SOURCE DATA ->

※ ※ ※

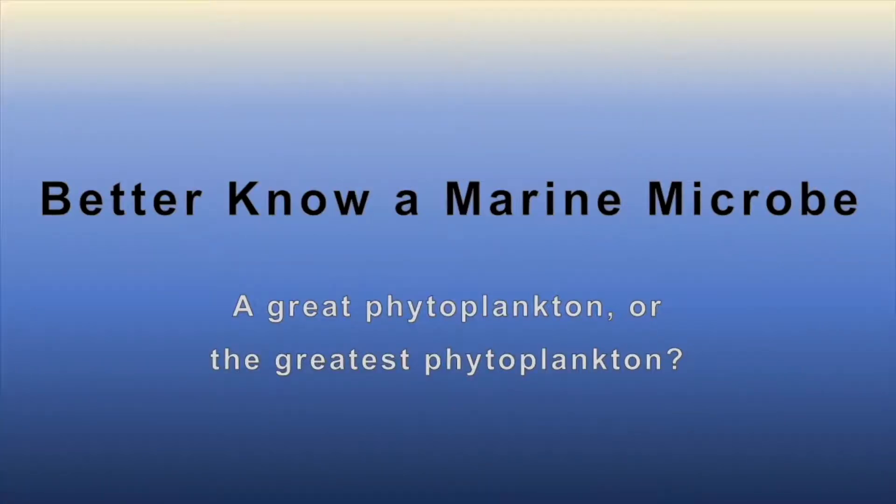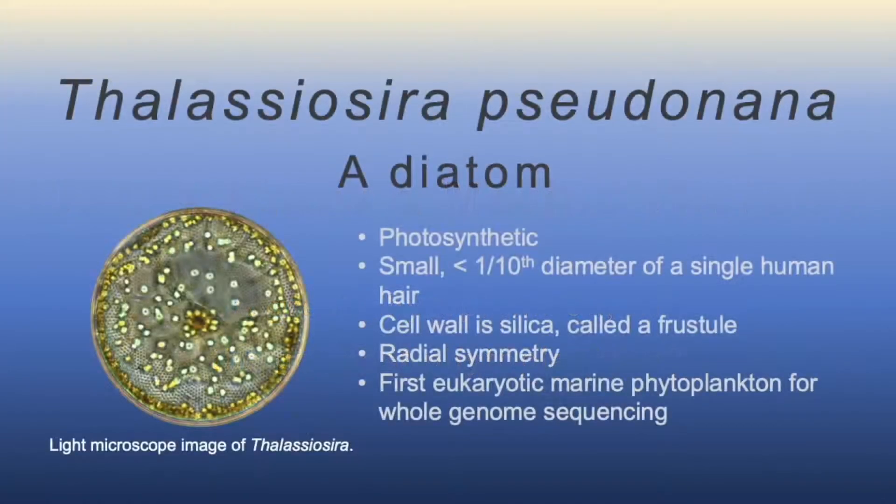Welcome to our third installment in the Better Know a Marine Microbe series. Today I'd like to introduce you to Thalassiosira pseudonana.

※ ※ ※

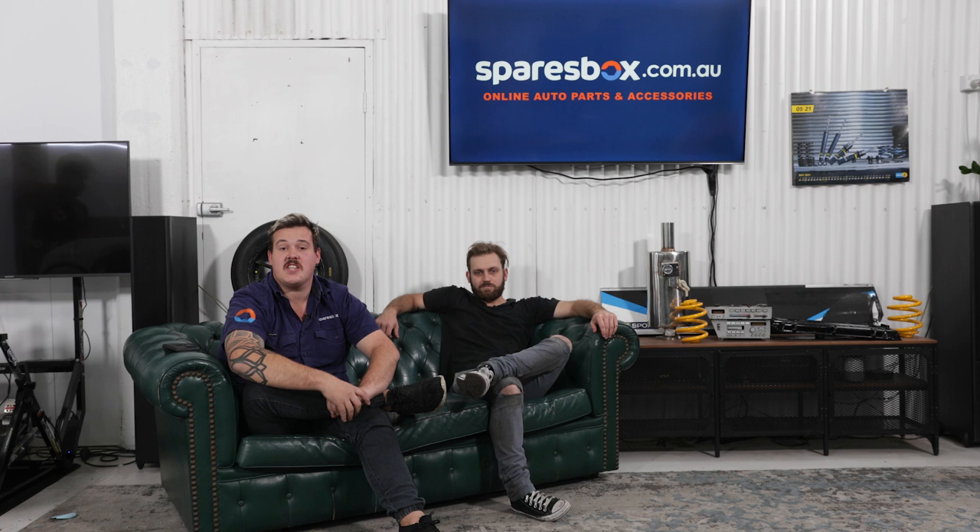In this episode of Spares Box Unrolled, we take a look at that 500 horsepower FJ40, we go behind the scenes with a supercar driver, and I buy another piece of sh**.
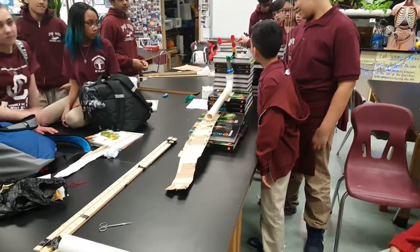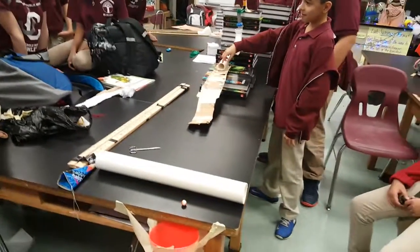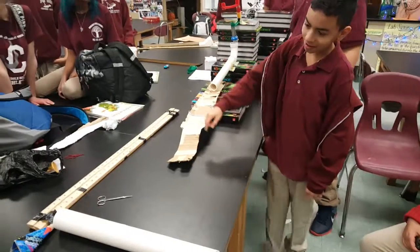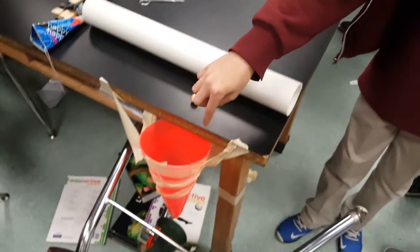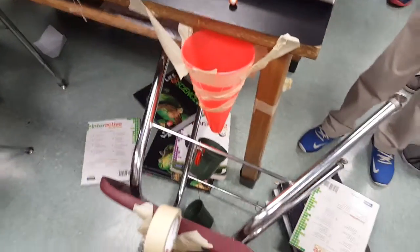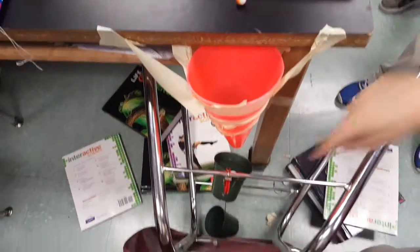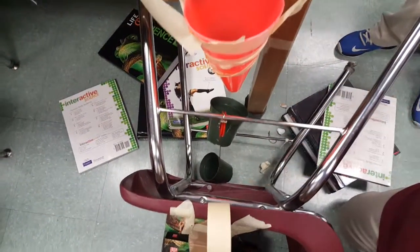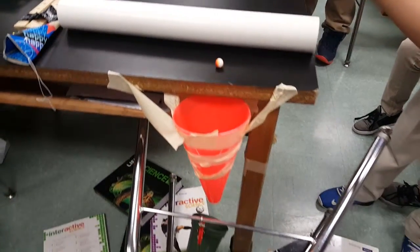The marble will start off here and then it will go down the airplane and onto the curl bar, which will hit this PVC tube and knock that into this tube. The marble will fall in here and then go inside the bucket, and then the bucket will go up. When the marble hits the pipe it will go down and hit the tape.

※ ※ ※

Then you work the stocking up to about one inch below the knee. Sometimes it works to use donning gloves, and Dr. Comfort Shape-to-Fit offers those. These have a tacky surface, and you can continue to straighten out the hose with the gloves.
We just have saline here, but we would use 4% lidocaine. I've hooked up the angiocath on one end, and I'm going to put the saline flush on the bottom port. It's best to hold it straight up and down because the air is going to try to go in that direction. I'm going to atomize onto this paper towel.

※ ※ ※

EXERCISE ->
Please give an exact copy of the entries above, from the line with "Then you work" down to the line with "We just have", inclusive, and nothing else.

EXERCISE SOLUTION ->
Then you work the stocking up to about one inch below the knee. Sometimes it works to use donning gloves, and Dr. Comfort Shape-to-Fit offers those. These have a tacky surface, and you can continue to straighten out the hose with the gloves.
We just have saline here, but we would use 4% lidocaine. I've hooked up the angiocath on one end, and I'm going to put the saline flush on the bottom port. It's best to hold it straight up and down because the air is going to try to go in that direction. I'm going to atomize onto this paper towel.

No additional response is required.